Are there any plans for Intels OpenCL driver to vectorize kernel internal for-loops?
(which would bring the code speed on-par with C++).

Thanks!
Atmapuri

Sion_B_Intel · ‎05-21-2011

Hi,
Thanks for your comments.
Currently, the OpenCL compiler Vectorizes only the "outer" loop, as in bringing together several work-items.
Therefore, to gain SSE utilization, youcan increase the amount of work-items per each work-group (Vectorization happens inside a workgroup).
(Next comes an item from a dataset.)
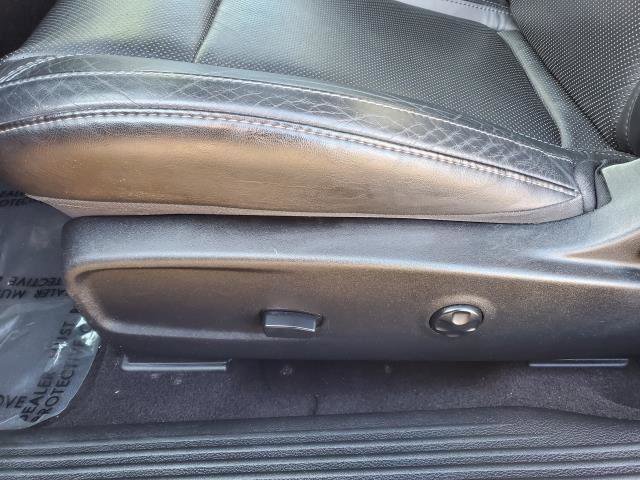 Used 2019 Dodge Challenger SXT w/ Plus Package image 7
As for future plans, we are considering several optimization possibilities. We will take your request into account.

Thank you,
Sion

janez-makovsek · ‎05-22-2011

Hi!

I tried using the outer loop vectorization first. (Without specifying local_work_size) and the speed was about 8x slower than OpenMP C++. You mention in your documentation that it is best to leave local_work_size undefined. Notice also that inner for-loop which as you say does not use vectorization runs only 5x slower than OpenMP C++.

The non-vectorized inner loop therefore seems to run faster than the outer vectorized one. (but both of which are much slower than what could be appreciated).

Thanks!
Atmapuri

Maxim_S_Intel · ‎05-22-2011

it would be using a global_work_size of 4

Hi, probably here you see issue with threading, not with code generation or vectorization. Having just 4 work-items in the whole NDRange (thus4 work-groups)reduces the efficiency of parallelization, since it is better to have number ofwork-goups being a way larger than number of logical cores. THis would allow efficient load-balancing, task-stealing etc. In contrast with just 4 work-items in the NDRange it is even not guarantee that all available threads will be used.

I would advice to try having ~1024 work-items in the NDRange, togeher with using NULL for local size, this will give you about 16-32 work-groups that should be ok for 4-cores CPU.

janez-makovsek · ‎05-23-2011

Thanks! I have tried various global and local work sizes before posting and noticed no major difference in run times. (maybe by 20%, while testing reasonable local_work_size sizes) Fastest run was not with NULL for local_work_size though. (Using Core i7 860).

>Having just 4 work-items in the whole NDRange

If each item does a considerable amount of work within kernels internal for-loop that I believe is not an issue. I am assuming that Intel still recommends not to launch more threads working with FPU (SSE) math than there are cores for highest efficiency and speed. (in general) Even with Hyper threading that would still result only in 8 threads for a 4 core machine.

> probably here you see issue with threading

That I agree with. I did some more tests and can confirm that code generation for the outer loop is actually fairly efficient. The bottleneck is the clSetKernelArg, which on competing platforms (AMD CPU or AMD GPU) takes between 1us and 2us and with Intels current drivers it takes between 20us to 300us (all measured for 8 calls).